Cover Story: <I>Riot Women</I>
Issue: March/April 2026

Cover Story: Riot Women

The BritBox Original series Riot Women is set in the West Yorkshire town of Hebden Bridge, England, where a group of middle-age women come together to form a punk band for a local talent show. Beth (Joanna Scanlan) is a frustrated university professor, who feels invisible to her students and (adopted) adult son Tom (Jonny Green), who now has his own life and girlfriend. She is on the verge of committing suicide when childhood friend/pub owner Jess (Lorraine Ashbourne) calls her about the talent show, giving Beth a renewed sense of purpose.

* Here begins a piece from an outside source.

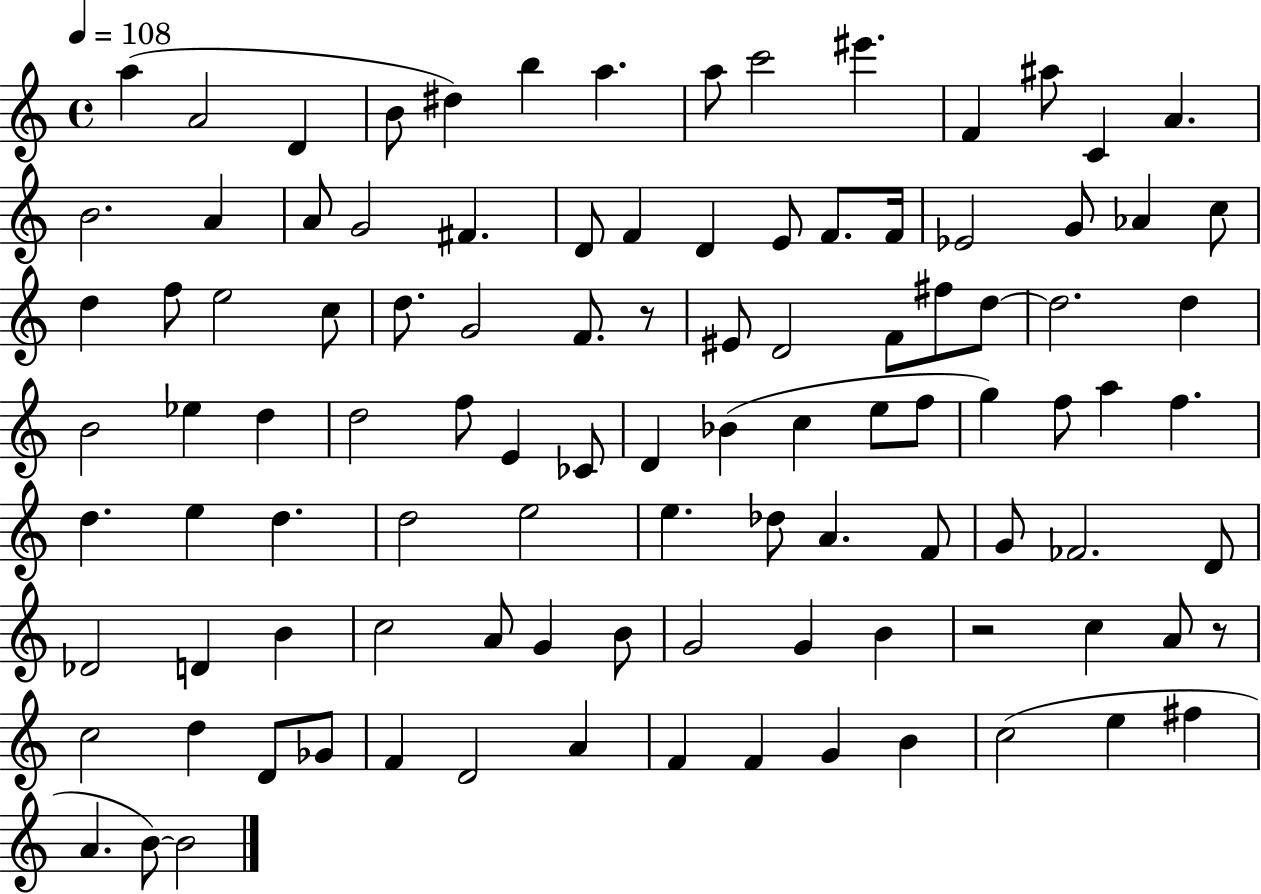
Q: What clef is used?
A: treble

Newly retired police officer Holly (Tamsin Greig) and her no-nonsense sister Yvonne (Amelia Bullmore) are coming to terms with their elderly mother’s dementia when Holly’s former patrol partner/background singer Nisha (Taj Atwal) recruits the pair to join the effort. Rounding out the band is Kitty (Rosalie Craig), the lead singer, who’s battling addiction and domestic abuse, and coincidently, was arrested by Nisha and Holly just before retiring. An added twist comes when Tom is found to be the baby that Kitty gave up for adoption decades ago. The band's performance at the talent show catches the eye of a local promoter, and now they must consider whether this was a one-time gig or something that could become much bigger.

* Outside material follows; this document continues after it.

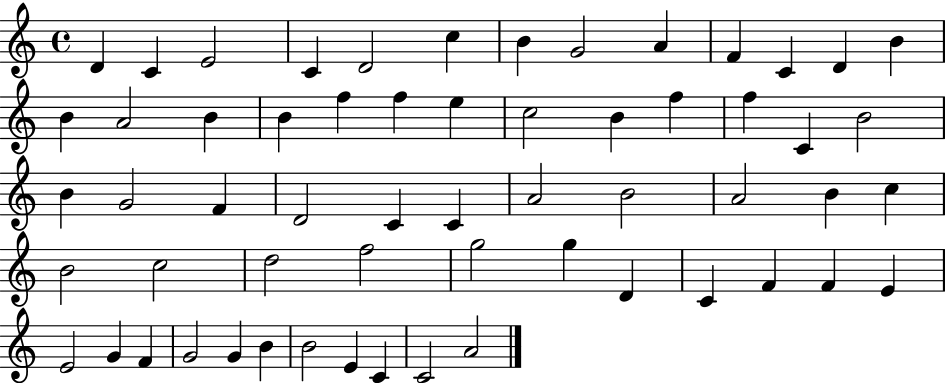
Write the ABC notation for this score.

Riot Women was created and written for television by Sally Wainwright, who also serves as the show’s executive producer and director on the first three episodes (Amanda Brotchie directed 4, 5 and 6). The show’s six episodes run roughly an hour each, and at press time Wainwright was working on the script for a second season.

CINEMATOGRAPHY

Simon Tindall (pictured) served as director of photography for the show’s first block of episodes (1, 2 and 3), working with Wainwright to establish a look and feel. Riot Women marked the first time he worked with the director, but he was keenly aware of her talents.



“It was a job that my agent brought to me,” Tindall recalls. “And I just really wanted to be involved. Sally is an amazing writer. She’s like a British institution. Whether it’s action or monsters or sci-fi…I’m interested in portraying a story. As long as you’ve got good [dialogue] and good actors, and Sally always brings those two things together.”

Production goes back to 2024, and Tindall says he did a lot of research into programs from the ‘70s that inspired the show’s creator, including 1976’s Rock Follies. 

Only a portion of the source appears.